Hingegen ist der Historiker Ilan Pappe der Ansicht, für den vorläufigen Niedergang des Postzionismus seien dessen Vertreter selbst verantwortlich: Die meisten Universitätsdozenten, die noch unter der Regierung der Arbeitspartei in der Öffentlichkeit als engagierte Linke aufgetreten seien, hätten sich aus Angst um ihre Stellen in den letzten Jahren verkrochen – aus reinem Opportunismus also.
"Neozionismus" versus "Postzionismus"
Ilan Pappe, der sich im übrigen nicht nur als Post-, sondern sogar als Antizionist versteht, ist jedoch überzeugt davon, dass der Postzionismus früher oder später wiederaufleben wird, weil die Menschen in Israel die politische Barbarei des jetzigen Regimes irgendwann satt haben würden.
Allerdings sieht er in den Gegnern des Postzionismus, den "Neo-Zionisten", eine neue Gefahr. Denn sie seien im Unterschied zu den traditionellen Zionisten weit eher bereit, den jüdischen Charakter des Staates noch weiter zu stärken, und zwar auf Kosten von universellen Zivilrechten, Multikulturalität und demokratischen Prinzipien.

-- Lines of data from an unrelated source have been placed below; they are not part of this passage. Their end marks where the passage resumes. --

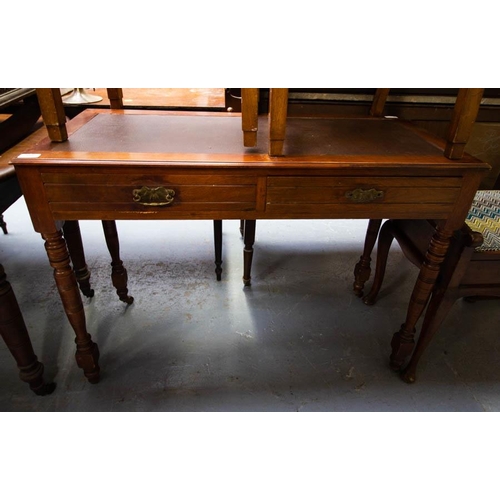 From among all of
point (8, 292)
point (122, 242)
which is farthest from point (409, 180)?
point (122, 242)

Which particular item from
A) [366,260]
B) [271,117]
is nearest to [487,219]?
[366,260]

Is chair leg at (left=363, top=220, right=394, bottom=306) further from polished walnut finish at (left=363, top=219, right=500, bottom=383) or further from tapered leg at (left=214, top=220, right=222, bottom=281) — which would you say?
tapered leg at (left=214, top=220, right=222, bottom=281)

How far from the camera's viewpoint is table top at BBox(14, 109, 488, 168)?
98cm

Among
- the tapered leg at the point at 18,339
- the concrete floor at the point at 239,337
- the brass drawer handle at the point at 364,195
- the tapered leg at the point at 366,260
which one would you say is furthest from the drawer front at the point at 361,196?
the tapered leg at the point at 18,339

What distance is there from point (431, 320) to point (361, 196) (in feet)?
2.05

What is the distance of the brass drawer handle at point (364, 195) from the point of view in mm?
1047

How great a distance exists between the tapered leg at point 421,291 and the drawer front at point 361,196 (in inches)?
5.0

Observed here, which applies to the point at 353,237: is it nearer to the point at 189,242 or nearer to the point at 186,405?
the point at 189,242

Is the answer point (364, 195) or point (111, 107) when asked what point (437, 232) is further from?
point (111, 107)

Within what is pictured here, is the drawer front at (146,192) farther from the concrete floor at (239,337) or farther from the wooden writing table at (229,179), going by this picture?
the concrete floor at (239,337)

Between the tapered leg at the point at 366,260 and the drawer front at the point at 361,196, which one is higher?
the drawer front at the point at 361,196

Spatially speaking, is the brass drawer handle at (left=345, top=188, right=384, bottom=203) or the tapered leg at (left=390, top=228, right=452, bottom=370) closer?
the brass drawer handle at (left=345, top=188, right=384, bottom=203)

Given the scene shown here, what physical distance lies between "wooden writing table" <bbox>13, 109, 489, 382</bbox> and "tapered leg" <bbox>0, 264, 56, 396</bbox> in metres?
0.18

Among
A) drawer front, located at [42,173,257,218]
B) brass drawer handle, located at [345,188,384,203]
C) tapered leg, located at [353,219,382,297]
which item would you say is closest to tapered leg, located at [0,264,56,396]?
drawer front, located at [42,173,257,218] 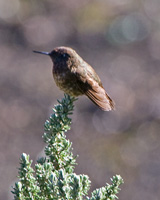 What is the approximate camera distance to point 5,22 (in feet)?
29.8

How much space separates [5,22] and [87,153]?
3.68 meters

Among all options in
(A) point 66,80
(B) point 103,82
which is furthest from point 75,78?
(B) point 103,82

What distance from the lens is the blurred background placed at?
21.9 feet

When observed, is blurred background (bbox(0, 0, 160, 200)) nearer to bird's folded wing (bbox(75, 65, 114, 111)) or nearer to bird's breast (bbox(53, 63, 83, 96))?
bird's folded wing (bbox(75, 65, 114, 111))

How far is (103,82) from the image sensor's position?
7.85m

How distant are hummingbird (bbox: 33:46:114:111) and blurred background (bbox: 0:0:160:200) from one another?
271 cm

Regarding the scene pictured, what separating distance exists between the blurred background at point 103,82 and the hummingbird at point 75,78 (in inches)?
107

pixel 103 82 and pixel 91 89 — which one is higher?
pixel 103 82

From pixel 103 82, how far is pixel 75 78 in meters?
4.06

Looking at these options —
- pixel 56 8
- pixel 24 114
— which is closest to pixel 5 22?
pixel 56 8

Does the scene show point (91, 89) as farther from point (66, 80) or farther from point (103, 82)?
point (103, 82)

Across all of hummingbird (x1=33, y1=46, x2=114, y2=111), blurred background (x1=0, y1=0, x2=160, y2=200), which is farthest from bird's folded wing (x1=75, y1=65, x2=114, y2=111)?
blurred background (x1=0, y1=0, x2=160, y2=200)

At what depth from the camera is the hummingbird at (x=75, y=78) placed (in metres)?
3.71

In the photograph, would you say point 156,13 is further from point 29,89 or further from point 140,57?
point 29,89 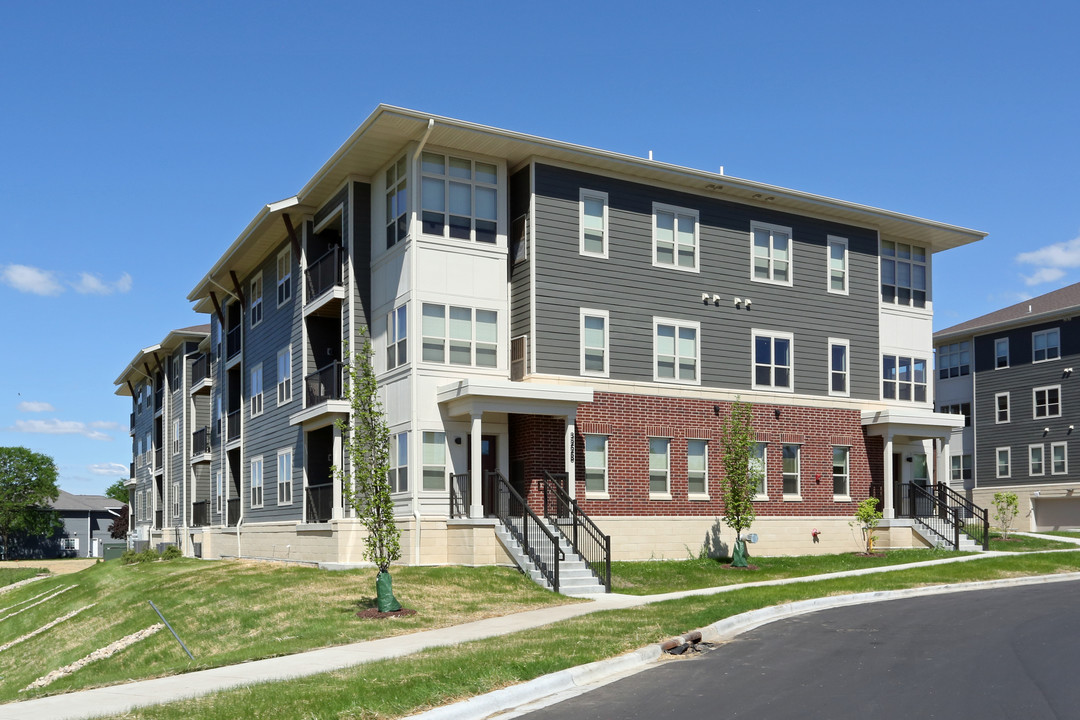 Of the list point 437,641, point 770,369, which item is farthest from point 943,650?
point 770,369

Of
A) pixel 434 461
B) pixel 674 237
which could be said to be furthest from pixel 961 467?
pixel 434 461

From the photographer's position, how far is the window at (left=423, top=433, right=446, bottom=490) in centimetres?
2786

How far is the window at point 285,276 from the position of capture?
3641 cm

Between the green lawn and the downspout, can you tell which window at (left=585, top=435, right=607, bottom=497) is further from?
the green lawn

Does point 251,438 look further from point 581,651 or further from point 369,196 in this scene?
point 581,651

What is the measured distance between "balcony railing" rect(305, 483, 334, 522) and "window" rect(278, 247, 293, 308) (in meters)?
6.85

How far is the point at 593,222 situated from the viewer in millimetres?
30469

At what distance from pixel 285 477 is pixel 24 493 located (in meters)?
71.4

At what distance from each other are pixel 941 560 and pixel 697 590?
9.39 meters

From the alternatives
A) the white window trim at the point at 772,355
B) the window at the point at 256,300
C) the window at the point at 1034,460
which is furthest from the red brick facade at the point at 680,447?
the window at the point at 1034,460

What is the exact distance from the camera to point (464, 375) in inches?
1125

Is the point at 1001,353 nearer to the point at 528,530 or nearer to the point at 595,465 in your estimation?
the point at 595,465

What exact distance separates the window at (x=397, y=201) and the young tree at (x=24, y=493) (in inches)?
3079

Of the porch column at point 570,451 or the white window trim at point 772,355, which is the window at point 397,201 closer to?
the porch column at point 570,451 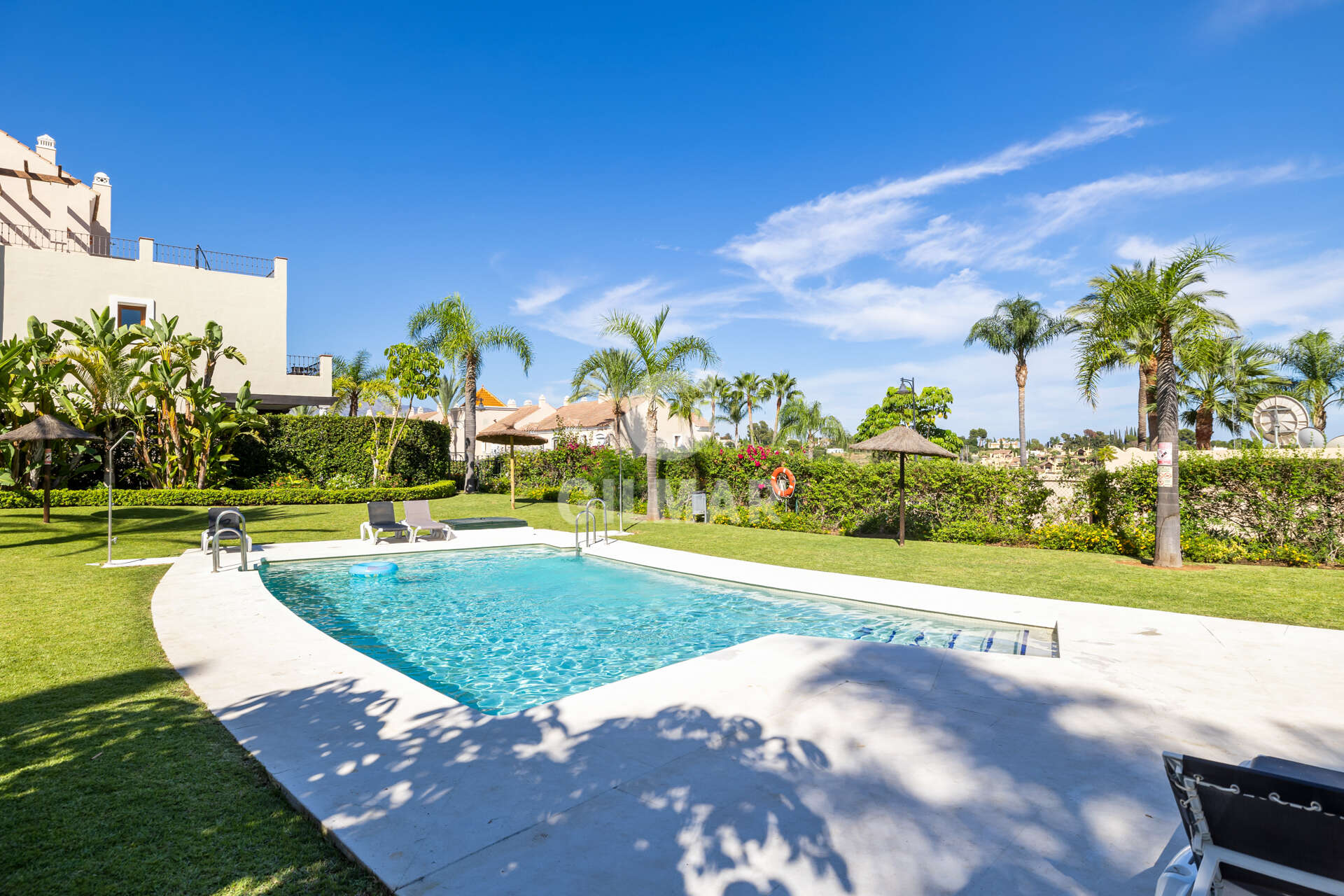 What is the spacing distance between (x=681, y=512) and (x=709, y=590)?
32.9ft

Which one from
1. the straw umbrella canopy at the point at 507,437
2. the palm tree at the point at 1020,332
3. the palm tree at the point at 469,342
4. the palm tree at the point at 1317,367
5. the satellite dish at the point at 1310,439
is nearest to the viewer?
the satellite dish at the point at 1310,439

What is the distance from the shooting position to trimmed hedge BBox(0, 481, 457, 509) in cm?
1778

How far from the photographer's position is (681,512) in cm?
2055

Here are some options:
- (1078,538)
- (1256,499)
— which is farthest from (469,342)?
(1256,499)

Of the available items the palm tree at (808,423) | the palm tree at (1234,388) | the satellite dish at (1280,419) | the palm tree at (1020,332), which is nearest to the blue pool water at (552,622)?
the satellite dish at (1280,419)

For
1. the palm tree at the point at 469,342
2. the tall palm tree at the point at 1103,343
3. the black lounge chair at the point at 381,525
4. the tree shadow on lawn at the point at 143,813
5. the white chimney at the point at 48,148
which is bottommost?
the tree shadow on lawn at the point at 143,813

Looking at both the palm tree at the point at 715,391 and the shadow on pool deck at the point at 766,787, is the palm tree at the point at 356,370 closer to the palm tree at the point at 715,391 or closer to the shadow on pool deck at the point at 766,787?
the palm tree at the point at 715,391

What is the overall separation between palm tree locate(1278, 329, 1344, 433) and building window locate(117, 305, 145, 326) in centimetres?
5166

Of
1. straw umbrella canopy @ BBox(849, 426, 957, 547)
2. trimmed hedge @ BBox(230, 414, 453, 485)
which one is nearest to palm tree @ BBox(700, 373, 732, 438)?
trimmed hedge @ BBox(230, 414, 453, 485)

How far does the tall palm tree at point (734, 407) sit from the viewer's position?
58.8m

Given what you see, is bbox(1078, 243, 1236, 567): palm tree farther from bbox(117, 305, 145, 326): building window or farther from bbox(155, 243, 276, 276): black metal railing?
bbox(117, 305, 145, 326): building window

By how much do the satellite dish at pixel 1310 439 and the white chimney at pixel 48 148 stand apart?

Die Neo-Zionisten freuen sich naturgemäß über die internen Flügelkämpfe im postzionistischen Lager. So auch der Tel Aviver Soziologe Moshe Lissak, der kein Blatt vor den Mund nimmt, wenn er die Postzionisten bezichtigt, mittlerweile ebenso dogmatisch zu sein wie jener Zionismus der Gründerzeit, gegen den sie einst zu Felde zogen.
Lissak baut indes auf eine neue Generation rechtsgerichteter Studenten, die den etablierten Postzionismus an Israels Universitäten nicht weiter dulden und nun bekämpfen wollen. Der Postzionismus, so Lissak, der als kritische Wissenschaft seinen Anfang genommen habe, sei inzwischen zu einer Ideologie verkommen.
Dieser keineswegs neue Vorwurf lässt ahnen, dass der Postzionismus in Wahrheit noch immer lebendig ist – auch wenn die israelische Rechte ihn am liebsten endgültig begraben sehen würde.